Jammu, de fato, não é muito diferente do resto da Índia. O centenário complexo de templos de Raghunath, bem no centro da cidade, facilmente rivaliza em beleza com outros centros hindus de Nova Délhi ou mesmo Jaipur. Mas é ao anoitecer que voltam as semelhanças com o Vale da Caxemira: um jipe militar cruza lentamente as ruas desertas com um alto-falante alertando os moradores a desconfiarem de pacotes abandonados. A 300 quilômetros daqui, em Srinagar, o medo não é menor. “Não existe vida noturna”, diz um observador internacional. “Praticamente todos os cinemas e bares que existiam fecharam na década de 80. As pessoas têm medo de sair à noite e cruzar com patrulhas ou grupos de militantes.” À noite, a guerra anda à solta. Entre hindus e muçulmanos.

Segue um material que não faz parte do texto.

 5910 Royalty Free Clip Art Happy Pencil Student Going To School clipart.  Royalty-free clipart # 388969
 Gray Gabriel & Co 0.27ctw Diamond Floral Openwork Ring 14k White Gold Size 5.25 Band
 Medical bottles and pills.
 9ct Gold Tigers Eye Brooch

Para Syad Ali Geelani, a espera tem sido longa demais. “Em 1947, o primeiro-ministro Jawaharlal Nehru afirmou que nunca obrigaria a Caxemira a ser parte da Índia. Depois, o Conselho de Segurança da ONU baixou 18 resoluções por uma consulta popular, todos assinados e aceitos pela Índia, mas nunca implementados. Em 1952, mais uma vez Nehru disse que a Índia sentiria muito se quiséssemos a independência, mas não nos forçaria. Desde aquele momento, buscamos pacificamente e com muito sacrifício evitar o confronto. Em 1987, o governador Farook Abdullah e a primeira-ministra Indira Gandhi fizeram um acordo para fraudar as eleições e acabaram com as esperanças de uma solução política.”

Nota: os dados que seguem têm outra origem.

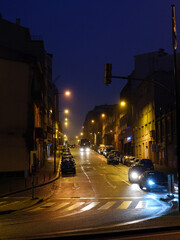 A street at night in Porto Portugal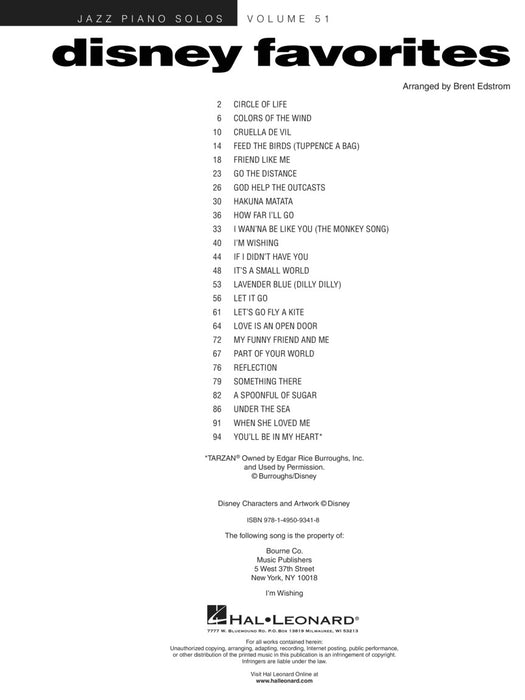 Disney Favorites Jazz Piano Solos Series Volume 51 爵士音樂鋼琴 獨奏 | 小雅音樂 Hsiaoya Music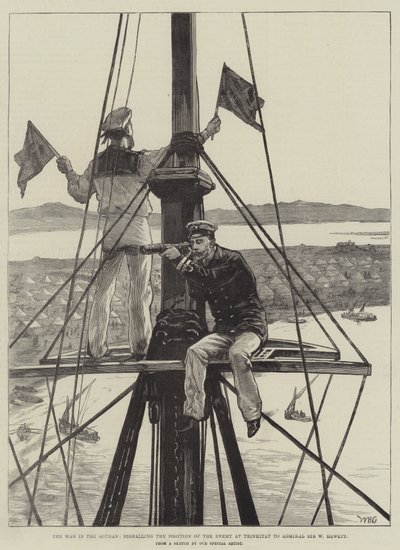 A háború a Soudanban, jelezve az ellenség pozícióját Trinkitatnál Sir W Hewett admirálisnak alkotó: William Heysham Overend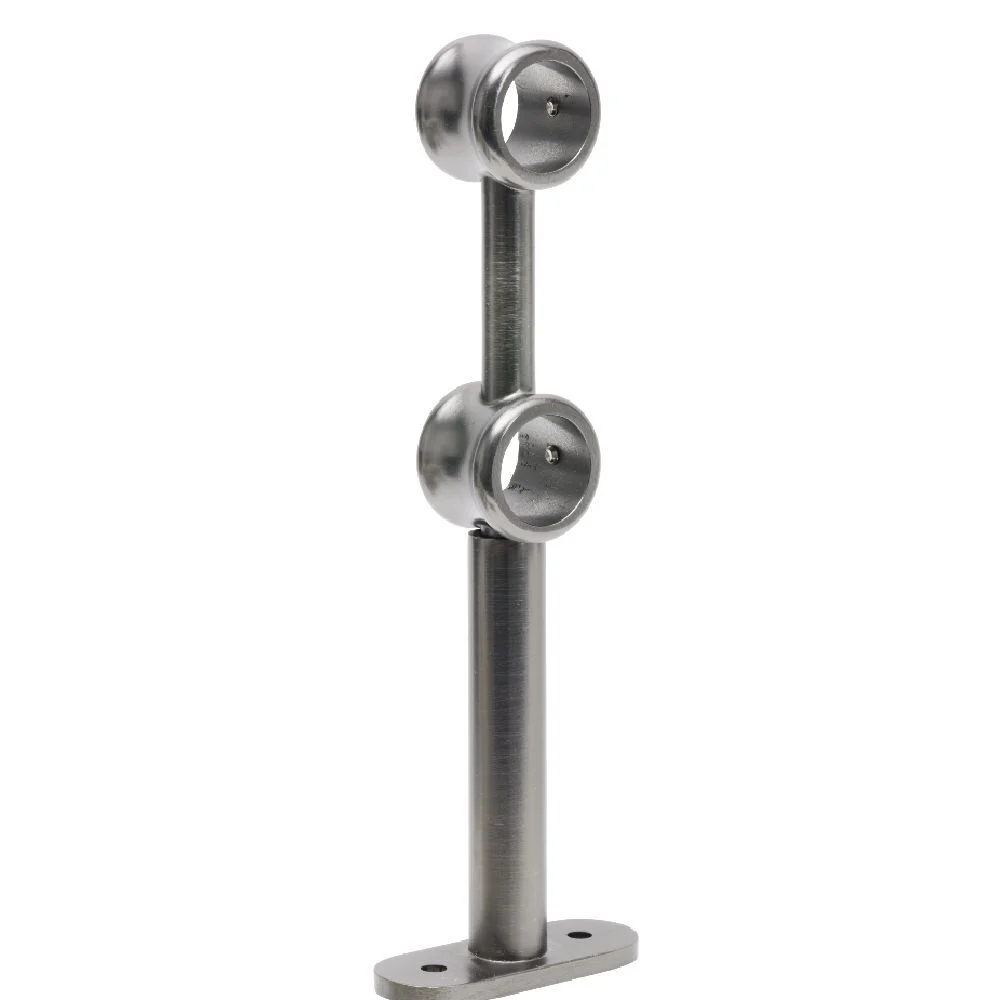 Support double extensible métal gris pour tringle Ø2xL17,5/20cm
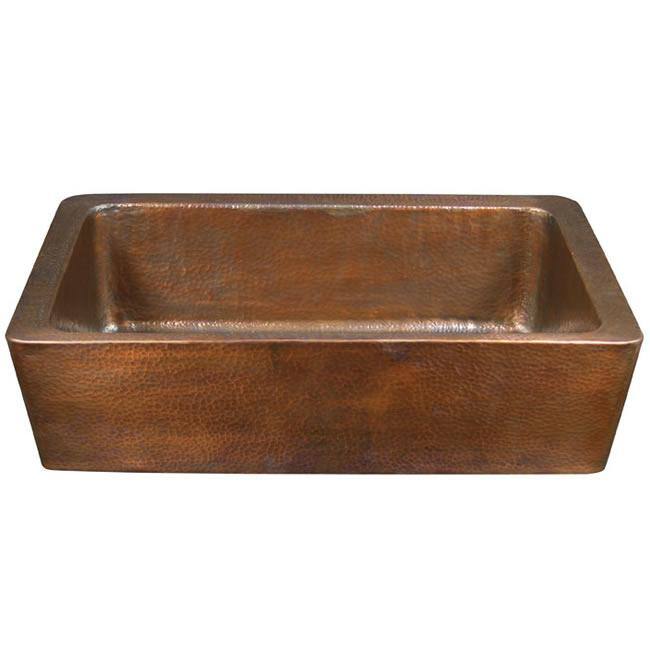 Single-bowl Copper Antique-finish Farmhouse Kitchen Sink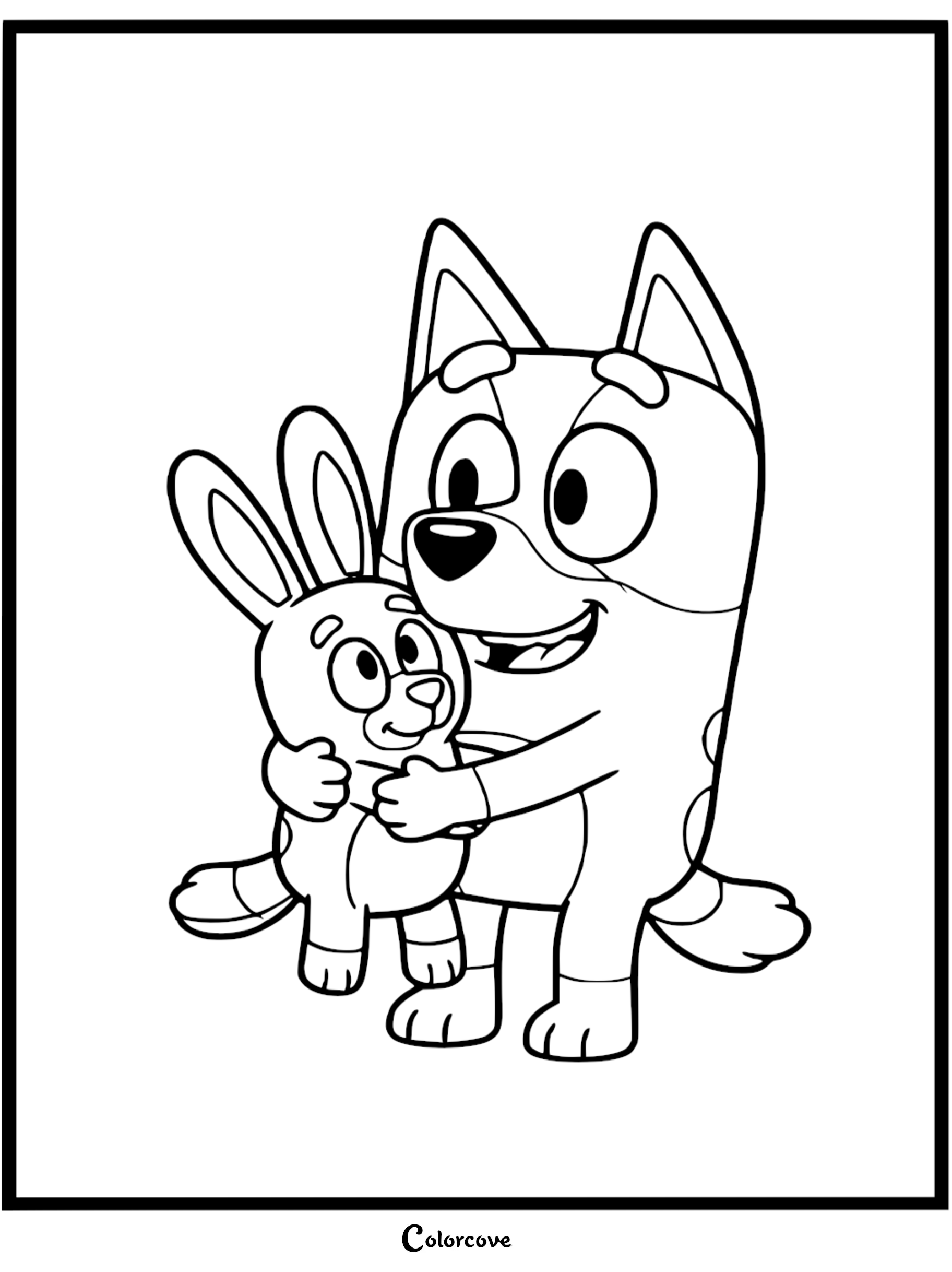 A detailed line art coloring page of Bluey smiling and giving a big hug to Bob Bilby the hand puppet.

As novas eleições trazem novas possibilidades de diálogo, mas desde que todos sejam ouvidos. Caso contrário, a independência ou a autonomia poderiam apenas ser o início de um novo ciclo de conflitos internos. Os caxemirianos sonham em fazer o plebiscito, que deveria ter sido realizado em 1947 e que teria decidido o que seria da Caxemira. E esta é a luta de Geelani: “Ainda há uma forma simples e pacífica de solu-cionar a questão da Caxemira. É dar a chance ao povo de decidir seu futuro sem pressões, sem interferências e sob o controle da ONU”.